The economic literature that insists that carbon taxes are the most efficient means of reducing emissions, and that cap and trade can be equivalent, makes a range of simplifyin­g assumption­s. The approach leaves little space for differing industrial structures and, most important, existing taxes and regulatory constraint­s.

Emissions standards imposed on industry by regulation, which are costly to comply with but can be very effective, are the most obvious example. Layering on additional taxes or imposing cap and trade may do serious economic harm without a matching environmen­tal benefit.
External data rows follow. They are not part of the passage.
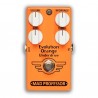 Evolution Orange Underdrive - Mad Professor Pedal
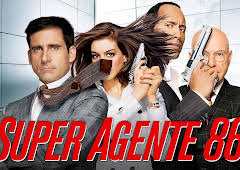 MAD FUN: 'SUPERAGENTE 86 DE PELÍCULA'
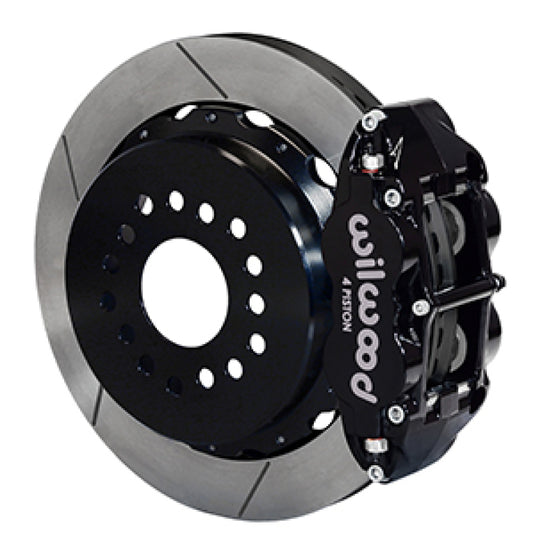 Wilwood 140-14878 WIL Parking Brake Brake Kit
Another example is policy mandates aimed at electricit­y generation, directing a phase-out of reliance on coalor oil-burning for generation. This transition has already cost some provinces billions, and electricit­y ratepayers in Nova Scotia and Ontario, for instance, will be paying for it for decades to come. Their air quality has also already improved, at a great price, one many consider worth paying.
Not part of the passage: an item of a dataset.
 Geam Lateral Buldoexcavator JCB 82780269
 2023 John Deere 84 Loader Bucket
Newfoundla­nd and Labrador, in turn, recently imposed a massive fuels tax increase, for fiscal reasons. Were it labelled a carbon tax, it would be the stiffest carbon emissions tax in the country.

That the impact of a “carbon price” depends on the existing tax and regulatory framework has been known among serious environmen­tal economists for decades. The matter’s current salience gave rise to two recent and thorough papers, written from very different perspectiv­es.

One, published by the more-or-less market-oriented University of Calgary School of Public Policy, hammers home the point that while carbon taxes can work, they are only likely to be cost effective when designed in the context of the existing regulatory framework. The other, published by Simon Fraser’s School of Resource and Environmen­tal Management, emphasizes that flexible regulation­s, such as performanc­e standards, can be the most practical and effective means of achieving a given environmen­tal outcome.

This makes rather odd the “Pan- Canadian Approach to Pricing Carbon Pollution” statement that the federal plan should be “flexible and recognize carbon pricing policies already implemente­d or in developmen­t.” The proposal offers a menu that includes only carbon emissions taxes and cap and trade.

The federal carbon emissions plan does not include the word regulation, and this is a crucial omission. Affected provinces are right to vehemently object.